Rio Ferdinand eager to win the playground battle

 

Rio Ferdinand wants to win the Europa League - if only to shut a few kids up in the school playground.

Now a father to three children, Lorenz, Tate and Tia, Ferdinand has discovered that his status as a top class football star for Manchester United and England does not spare him from the cutting comments that are so much a part of school life.

In fact, as the 33-year-old has found to his cost, it makes him a very easy target.

So easy indeed that he cannot resist the odd response.

It's all good humoured of course. But Ferdinand is keen to get the upper hand if at all possible.

"You have to understand, we've still got lives to lead outside of football," he said.

"When you're walking up the path to school, you don't want little kids laughing at you or making fun of you because you've been beaten.

"That's what happens if you lose games or get knocked out of competitions.

"Young kids can be unforgiving. There's nothing in their minds that goes: 'he plays football, leave him alone'. If anything, they're even worse for it.

"And there's still a little kid inside me who has pride and an ego and wants to make sure I can walk up that path and nobody can say anything to me because we've won.

"I know as soon as that feeling goes it's time to pack up my boots."

With a 2-0 advantage from the first-leg in Amsterdam last week, it would appear unlikely Ferdinand will have anything to worry about this week as United look to tie up a Europa League last-16 clash against either Lokomotiv Moscow or Atletico Bilbao by easing past Ajax at Old Trafford on Thursday.

No FA Cup distractions meant he was able to take advantage of a rare weekend off to watch old mate Cristiano Ronaldo in action for Real Madrid.

However, in joking that he would like to stuff the former world player of the year in his luggage, Ferdinand was admitting the truth of United still missing their one-time star man, sold in 2009 for a world record £80million.

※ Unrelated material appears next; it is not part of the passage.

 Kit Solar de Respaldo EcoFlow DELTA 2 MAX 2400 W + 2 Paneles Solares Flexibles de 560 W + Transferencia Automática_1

Ronaldo might well have saved United from some of their more damaging losses this term, including that shock Champions League defeat to Basle that condemned the Red Devils to UEFA's second tier tournament.

And, of course, the 6-1 annihilation by Manchester City in the Old Trafford derby, that brought Ferdinand yet more grief.

"Now that they are up there challenging we're seeing more Manchester City kits around town and more people are talking about them," he said.

"You didn't see that years ago. Now we want to shut those people up too."

That City are not only the main obstacle to United's hopes of retaining their Premier League title but remain potential opponents in the Europa League just adds more spice to the latter weeks of the campaign.

In a sense, to have reached such a point is good news for the Red Devils given the doom-ladened predication that accompanied their departure from Switzerland in December.

Ferdinand sensed the mirth of non-United fans and didn't like it.

Two months on, he is able to adopt a more phlegmatic stance.

"You can't sit still or worry about what people are saying," he said.

"At this club it doesn't happen. We just go out there and perform to the best of our capabilities.

"We know we've got fans to go out and impress - we want them talking about us in the right way.

"As players we demand the highest standards of ourselves and if we don't meet them the dressing room isn't a nice place to be.

"You don't want to be in a position where you're going into a game and you're not fighting for titles."